→ What you are asked to do
Output the data below in full, byte for byte. Nothing may differ.

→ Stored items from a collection
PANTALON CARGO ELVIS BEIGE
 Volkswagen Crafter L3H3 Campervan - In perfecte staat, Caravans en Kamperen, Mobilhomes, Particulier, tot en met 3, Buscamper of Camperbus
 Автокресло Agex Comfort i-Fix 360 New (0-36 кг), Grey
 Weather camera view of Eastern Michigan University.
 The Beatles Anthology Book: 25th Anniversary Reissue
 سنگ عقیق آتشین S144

→ Task output
PANTALON CARGO ELVIS BEIGE
 Volkswagen Crafter L3H3 Campervan - In perfecte staat, Caravans en Kamperen, Mobilhomes, Particulier, tot en met 3, Buscamper of Camperbus
 Автокресло Agex Comfort i-Fix 360 New (0-36 кг), Grey
 Weather camera view of Eastern Michigan University.
 The Beatles Anthology Book: 25th Anniversary Reissue
 سنگ عقیق آتشین S144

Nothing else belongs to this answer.